## EXERCISE PROMPT
In the entries below, find the line with "007: Quantum of" and the line with "5' 10 x 10' 6 Hand Knotted Moroccan Wool Rug". Reproduce those two lines and every line between them exactly, and nothing more.

[Data extracted from a collection]
■ ■ ■ ■ ■
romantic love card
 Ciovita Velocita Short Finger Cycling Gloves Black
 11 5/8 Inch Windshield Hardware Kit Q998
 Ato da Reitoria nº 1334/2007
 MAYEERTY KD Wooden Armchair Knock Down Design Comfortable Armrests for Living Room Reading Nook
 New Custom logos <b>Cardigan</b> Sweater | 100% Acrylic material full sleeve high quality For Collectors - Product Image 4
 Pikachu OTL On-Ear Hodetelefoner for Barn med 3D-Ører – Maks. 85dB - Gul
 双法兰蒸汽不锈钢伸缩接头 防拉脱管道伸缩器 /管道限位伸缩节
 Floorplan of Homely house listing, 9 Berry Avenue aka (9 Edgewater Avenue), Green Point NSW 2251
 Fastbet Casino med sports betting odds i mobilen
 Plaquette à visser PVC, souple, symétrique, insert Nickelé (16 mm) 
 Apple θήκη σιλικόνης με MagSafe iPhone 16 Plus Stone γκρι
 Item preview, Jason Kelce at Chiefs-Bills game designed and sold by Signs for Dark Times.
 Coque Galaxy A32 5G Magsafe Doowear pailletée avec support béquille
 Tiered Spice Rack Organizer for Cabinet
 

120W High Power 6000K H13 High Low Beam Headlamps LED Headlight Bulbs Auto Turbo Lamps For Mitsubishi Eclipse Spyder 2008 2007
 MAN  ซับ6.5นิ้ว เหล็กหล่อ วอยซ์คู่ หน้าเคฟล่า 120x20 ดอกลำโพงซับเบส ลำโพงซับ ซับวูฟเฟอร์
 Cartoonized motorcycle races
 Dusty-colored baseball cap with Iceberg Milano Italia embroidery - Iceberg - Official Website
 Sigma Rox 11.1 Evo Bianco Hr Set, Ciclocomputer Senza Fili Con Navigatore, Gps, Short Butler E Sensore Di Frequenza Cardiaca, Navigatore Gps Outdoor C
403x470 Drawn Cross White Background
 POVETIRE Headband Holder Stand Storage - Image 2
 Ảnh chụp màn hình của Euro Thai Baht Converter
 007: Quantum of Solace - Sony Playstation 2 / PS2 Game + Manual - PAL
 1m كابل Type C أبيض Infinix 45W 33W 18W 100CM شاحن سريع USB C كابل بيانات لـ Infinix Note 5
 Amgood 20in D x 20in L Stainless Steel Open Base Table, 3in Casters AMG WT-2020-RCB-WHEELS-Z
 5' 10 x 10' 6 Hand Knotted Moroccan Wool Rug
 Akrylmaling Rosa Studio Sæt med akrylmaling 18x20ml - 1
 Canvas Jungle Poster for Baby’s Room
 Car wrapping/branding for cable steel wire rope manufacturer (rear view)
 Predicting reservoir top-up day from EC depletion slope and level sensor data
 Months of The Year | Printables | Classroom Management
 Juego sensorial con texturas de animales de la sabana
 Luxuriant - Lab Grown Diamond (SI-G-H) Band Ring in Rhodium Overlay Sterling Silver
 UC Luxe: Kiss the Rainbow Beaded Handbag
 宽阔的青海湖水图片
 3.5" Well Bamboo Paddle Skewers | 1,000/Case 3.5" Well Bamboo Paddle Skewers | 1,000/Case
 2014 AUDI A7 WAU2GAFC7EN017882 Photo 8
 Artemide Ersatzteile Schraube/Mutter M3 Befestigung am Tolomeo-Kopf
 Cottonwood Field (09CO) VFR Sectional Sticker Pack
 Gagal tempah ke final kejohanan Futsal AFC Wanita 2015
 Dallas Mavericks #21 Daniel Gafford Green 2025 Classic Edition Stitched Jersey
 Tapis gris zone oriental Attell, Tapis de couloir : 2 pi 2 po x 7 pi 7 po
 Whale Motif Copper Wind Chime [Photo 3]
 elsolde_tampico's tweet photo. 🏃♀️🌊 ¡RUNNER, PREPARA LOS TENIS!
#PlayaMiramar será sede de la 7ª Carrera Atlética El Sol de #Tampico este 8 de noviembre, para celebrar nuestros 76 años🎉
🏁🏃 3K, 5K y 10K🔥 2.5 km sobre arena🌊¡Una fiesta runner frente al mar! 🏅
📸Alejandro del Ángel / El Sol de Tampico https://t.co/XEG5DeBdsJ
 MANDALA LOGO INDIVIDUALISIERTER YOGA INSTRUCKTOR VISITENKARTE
■ ■ ■ ■ ■
## FINISHED TASK
 007: Quantum of Solace - Sony Playstation 2 / PS2 Game + Manual - PAL
 1m كابل Type C أبيض Infinix 45W 33W 18W 100CM شاحن سريع USB C كابل بيانات لـ Infinix Note 5
 Amgood 20in D x 20in L Stainless Steel Open Base Table, 3in Casters AMG WT-2020-RCB-WHEELS-Z
 5' 10 x 10' 6 Hand Knotted Moroccan Wool Rug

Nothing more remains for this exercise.